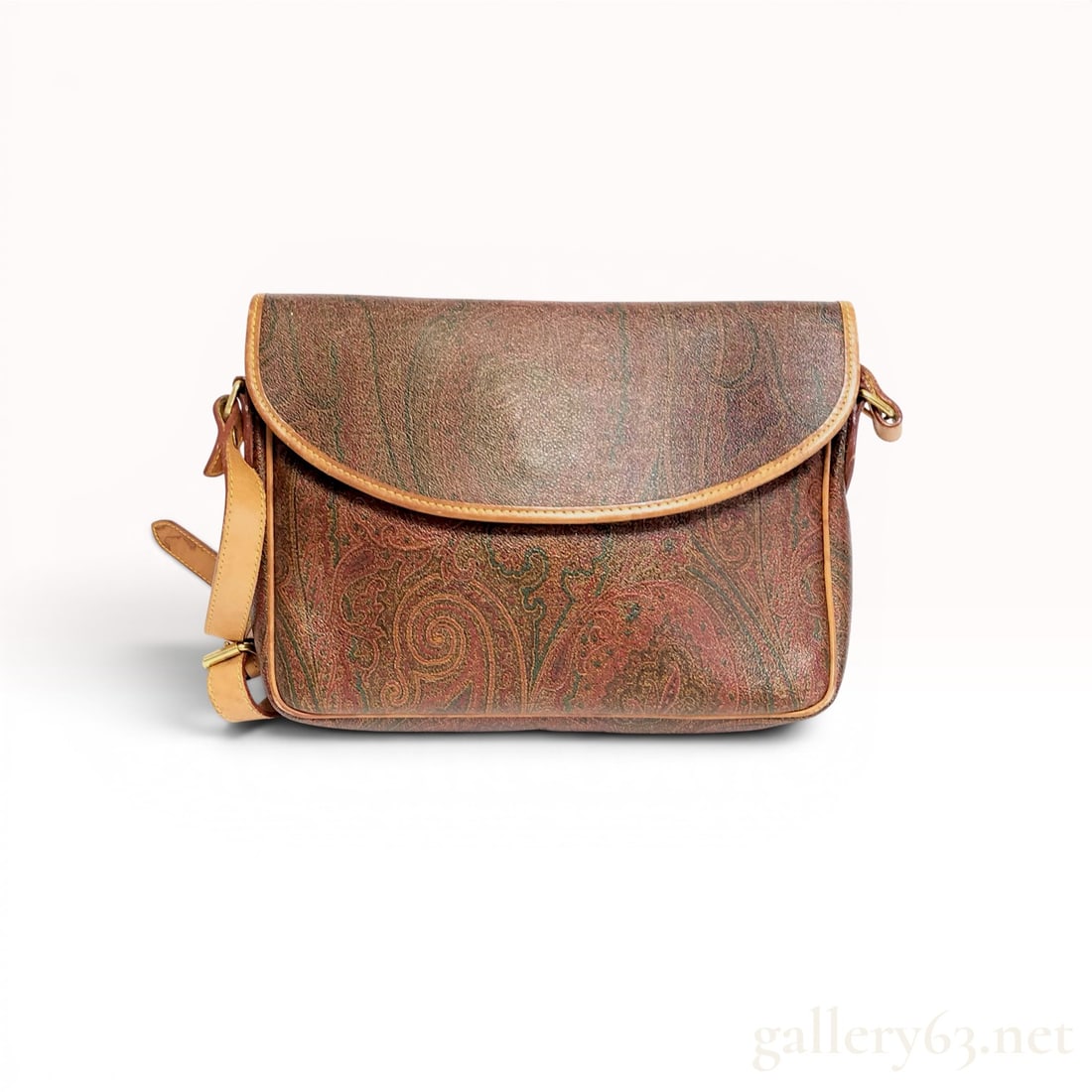 Vintage Etro Paisley Coated Canvas Crossbody Bag: This vintage crossbody bag by Etro is crafted from the brand's signature paisley-printed coated canvas in a palette of brown, tan, green, and red. The bag features a curved front flap that closes with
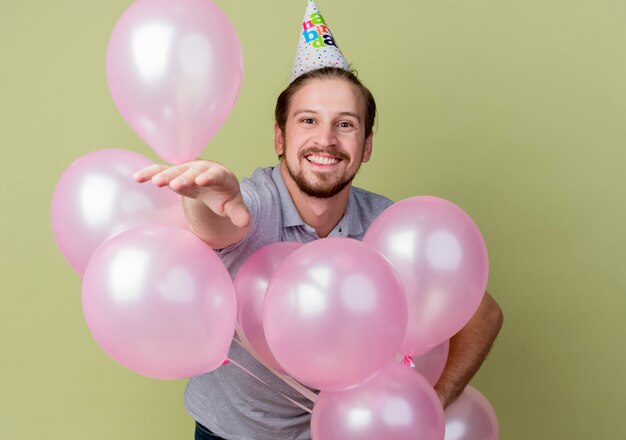 Hombre joven con gorro de fiesta celebrando la fiesta de cumpleaños sosteniendo globos alegre y emocionado sonriendo alegremente de pie sobre la pared de luz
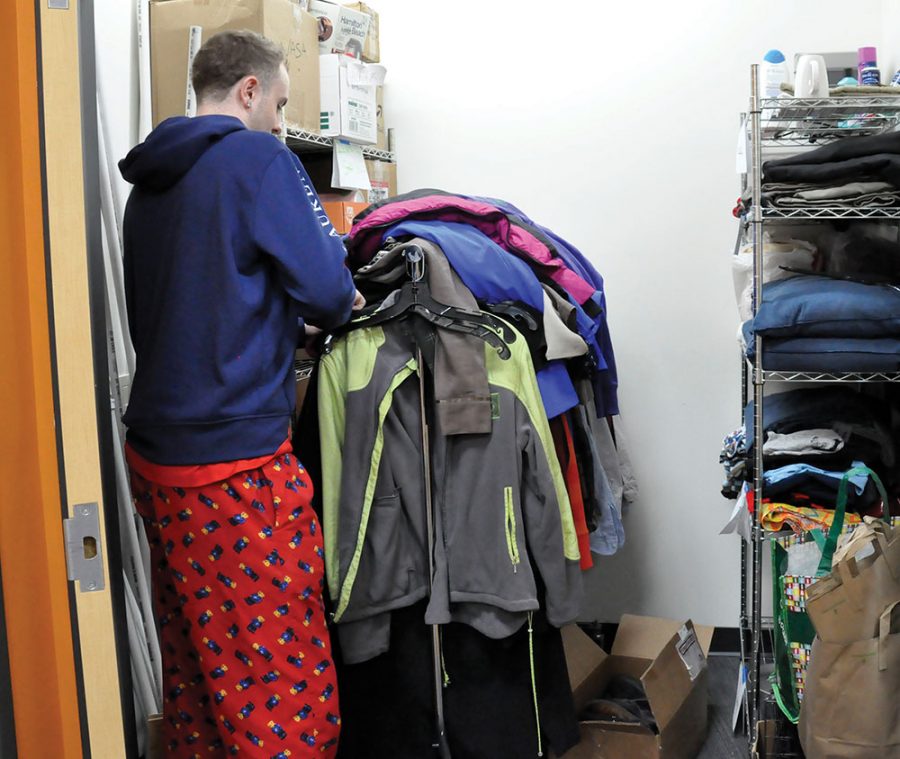 A student looks through items at the Shop the Closet event in the Intercultural Exchange.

------------------------------------------------------------------------

> [What is expected]
Restate the whole of the material word for word without the pictures.

> [The completed task]
 Vintage Etro Paisley Coated Canvas Crossbody Bag: This vintage crossbody bag by Etro is crafted from the brand's signature paisley-printed coated canvas in a palette of brown, tan, green, and red. The bag features a curved front flap that closes with
 Hombre joven con gorro de fiesta celebrando la fiesta de cumpleaños sosteniendo globos alegre y emocionado sonriendo alegremente de pie sobre la pared de luz
 A student looks through items at the Shop the Closet event in the Intercultural Exchange.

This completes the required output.